Selain itu, BPH Migas dan Pertamina mengatur bahwa pengisian BBM menggunakan jerigen hanya diperbolehkan untuk keperluan tertentu, seperti nelayan, petani, atau usaha kecil, dengan syarat wajib mengantongi surat rekomendasi resmi dari pemerintah daerah atau instansi terkait.
Untuk memastikan apakah aktivitas tersebut sesuai prosedur atau justru mengindikasikan pelanggaran, media melakukan konfirmasi langsung kepada pihak SPBU. Kegiatan pengisian BBM menggunakan jerigen tersebut sempat memunculkan dugaan adanya pembiaran, bahkan kemungkinan koordinasi tidak resmi antara petugas SPBU dan warga.

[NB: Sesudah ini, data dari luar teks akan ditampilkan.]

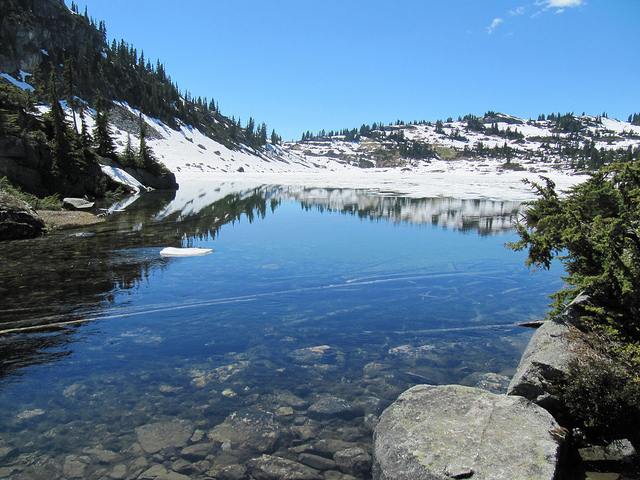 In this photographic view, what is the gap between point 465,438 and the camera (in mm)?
4629


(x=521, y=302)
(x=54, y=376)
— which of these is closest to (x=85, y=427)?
(x=54, y=376)

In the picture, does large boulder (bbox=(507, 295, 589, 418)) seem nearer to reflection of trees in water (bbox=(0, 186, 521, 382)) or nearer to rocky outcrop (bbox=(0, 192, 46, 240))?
reflection of trees in water (bbox=(0, 186, 521, 382))

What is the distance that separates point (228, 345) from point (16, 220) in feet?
52.7

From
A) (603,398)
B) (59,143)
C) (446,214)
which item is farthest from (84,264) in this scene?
(446,214)

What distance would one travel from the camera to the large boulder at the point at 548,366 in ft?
18.2

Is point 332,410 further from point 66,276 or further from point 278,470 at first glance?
point 66,276

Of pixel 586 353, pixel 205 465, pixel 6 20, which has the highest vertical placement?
pixel 6 20

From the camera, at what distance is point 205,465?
5.24m

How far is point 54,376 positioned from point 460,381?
761 cm

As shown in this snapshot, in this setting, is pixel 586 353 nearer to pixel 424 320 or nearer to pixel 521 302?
pixel 424 320

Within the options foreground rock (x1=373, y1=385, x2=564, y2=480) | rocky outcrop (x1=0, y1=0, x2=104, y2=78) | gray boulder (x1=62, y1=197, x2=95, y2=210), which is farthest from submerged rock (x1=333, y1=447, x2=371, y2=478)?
rocky outcrop (x1=0, y1=0, x2=104, y2=78)

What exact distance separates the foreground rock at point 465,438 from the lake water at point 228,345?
0.92 m

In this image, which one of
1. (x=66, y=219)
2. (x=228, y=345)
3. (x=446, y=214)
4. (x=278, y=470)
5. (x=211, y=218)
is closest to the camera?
(x=278, y=470)

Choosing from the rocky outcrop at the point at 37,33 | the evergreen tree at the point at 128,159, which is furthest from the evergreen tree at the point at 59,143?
the rocky outcrop at the point at 37,33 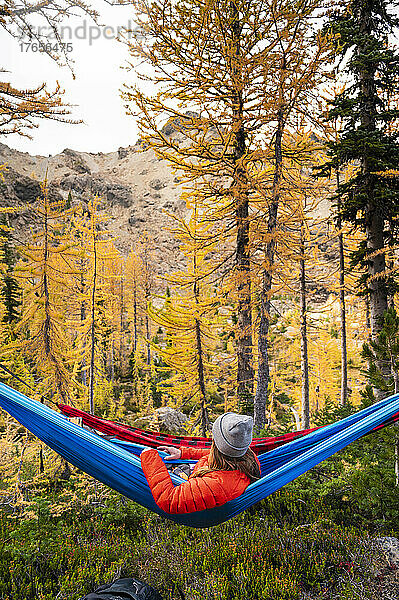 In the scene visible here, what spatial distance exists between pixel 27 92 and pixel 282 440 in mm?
5314

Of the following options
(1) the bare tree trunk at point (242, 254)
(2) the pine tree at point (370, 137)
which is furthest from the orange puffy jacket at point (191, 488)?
(2) the pine tree at point (370, 137)

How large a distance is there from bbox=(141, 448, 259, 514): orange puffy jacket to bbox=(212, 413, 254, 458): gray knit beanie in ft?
0.44

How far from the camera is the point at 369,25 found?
6.34m

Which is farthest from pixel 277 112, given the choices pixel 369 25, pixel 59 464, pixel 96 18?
pixel 59 464

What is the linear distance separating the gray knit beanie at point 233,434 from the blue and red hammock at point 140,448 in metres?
0.25

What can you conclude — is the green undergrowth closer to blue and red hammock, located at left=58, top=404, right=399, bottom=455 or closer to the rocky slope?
blue and red hammock, located at left=58, top=404, right=399, bottom=455

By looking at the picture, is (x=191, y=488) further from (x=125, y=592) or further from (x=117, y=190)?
(x=117, y=190)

Namun, dugaan itu dibantah oleh pengawas SPBU Tanah Merah. Ia menegaskan bahwa pengisian BBM melalui jerigen yang dilakukan warga pada malam tersebut merupakan kegiatan resmi dan telah memenuhi ketentuan yang berlaku.
“Pada dasarnya pelayanan BBM non-kendaraan di lokasi, dilaksanakan berdasarkan surat rekomendasi resmi dari dinas terkait dan dalam pengawasan petugas SPBU. Kegiatan tersebut sesuai ketentuan yang berlaku,” tegas pengawas SPBU, Minggu (1/2).
Sebagai bentuk klarifikasi, pihak SPBU juga melampirkan dokumentasi surat rekomendasi yang dimaksud, sebagai bukti bahwa warga yang melakukan pengisian BBM menggunakan jerigen telah mendapatkan izin dari Pemerintah Kabupaten.
Meski demikian, fenomena ini menegaskan pentingnya pengawasan ketat dan transparansi dalam penyaluran BBM, terutama di tengah upaya pemerintah menekan penyalahgunaan BBM bersubsidi.